I have been in great dangers; many times not knowing when I would be shot down, either in the pulpit, or going to and from meetings…But I said I would never run, nor compromise. The Lord would always put His mighty power on me, so that He took all fear away, and made me like a giant…If in any way they had tried to shoot, or kill me, He would have struck them dead, and I sometimes told them so. Maria Woodworth-Etter (1844-1924)
Maria was born again at the age of 13, and immediately dedicated her life to “going out in the highways and hedges and gathering in the lost sheep.” Her first plan was to marry a missionary but her father died suddenly and she was faced with the task of supporting her family. She had six children by her first husband, P.H. Woodworth who was a farmer. Five of her children died young, leaving her with a daughter.
As Maria studied the Bible diligently, she concluded that God had used women as ministers, prophets and leaders and that Joel’s prophecy that God would pour out his Spirit on all flesh specifically applied to women. Then she had a vision. Angels took her over a long field of waving grain. In the vision, she began to preach and the grain began to fall like sheaves.
Soon after this vision, she began ministering to small groups in her community. Everywhere she went, people would fall to the floor, weeping, under a deep conviction of sin. She began traveling and wherever she went there was a demonstration of the Holy Spirit with hundreds miraculously healed and hundreds finding Christ.
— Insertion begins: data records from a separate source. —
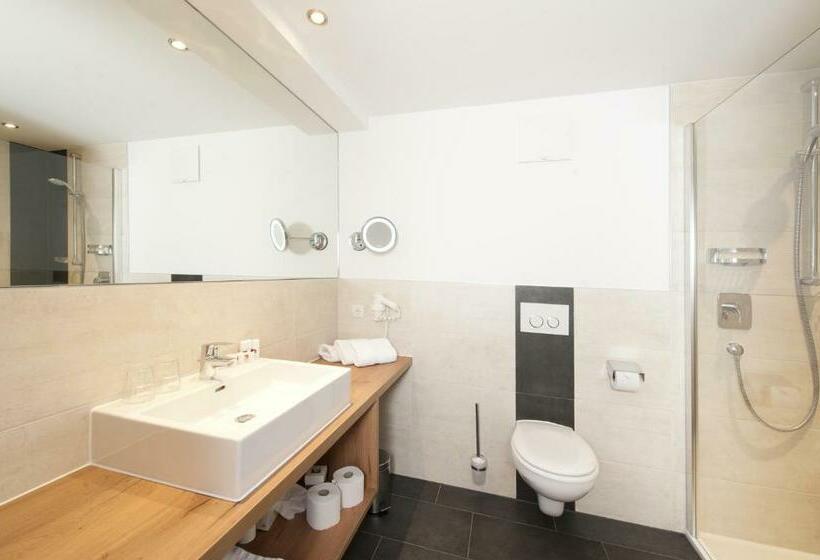 חדר קומפורט, Mallaun Hotel.erlebnis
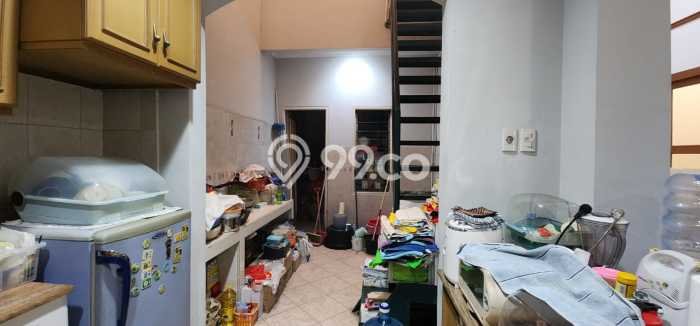 Hunian Mewah Siap Huni LT 200m2 di Kelapa Dua, Tangerang Hunian Mewah Siap Huni LT 200m2 di Kelapa Dua, Tangerang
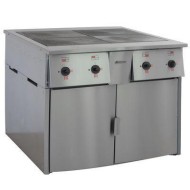 Плита электрическая Тулаторгтехника ПЭ-0,48Н с дверцами Плита электрическая Тулаторгтехника ПЭ-0,48Н с дверцами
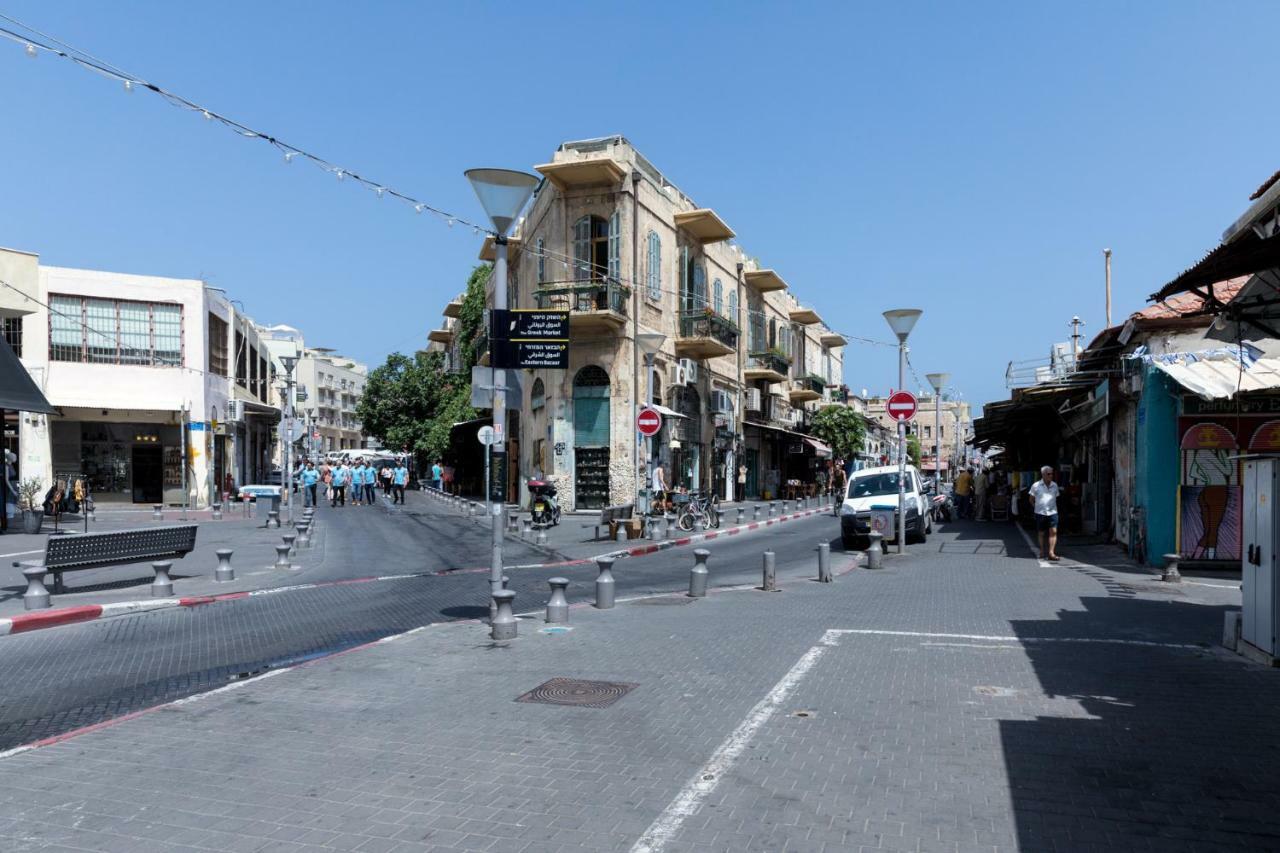 Joseph Hotel Tlv Tel Aviv Exterior photo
By the time she was in her early 40s, she was preaching to crowds of over 25,000 without a public address system in crusades around the country. Hundreds fell to the ground under the power of God and the secular world was amazed at the demonstrations of God’s power as people were healed and set free. Thousands found Christ during these meetings.
Eventually, Maria divorced her husband for infidelity. She later became Maria Woodworth-Etter when she married Samuel Etter, who became a partner in her work for the remaining 12 years of his life.
Maria Woodworth-Etter has been called the grandmother of the Pentecostal movement. She had a profound influence on people such as Smith Wigglesworth, Aimee Semple-McPherson, John Alexander Dowie, John G. Lake and Kathryn Kuhlman.
For the last years of her life, she ministered from one of the churches she had started in Indianapolis. As she became weaker, she would be carried to the pulpit and finally ministered from her bed. She died at the age of 80.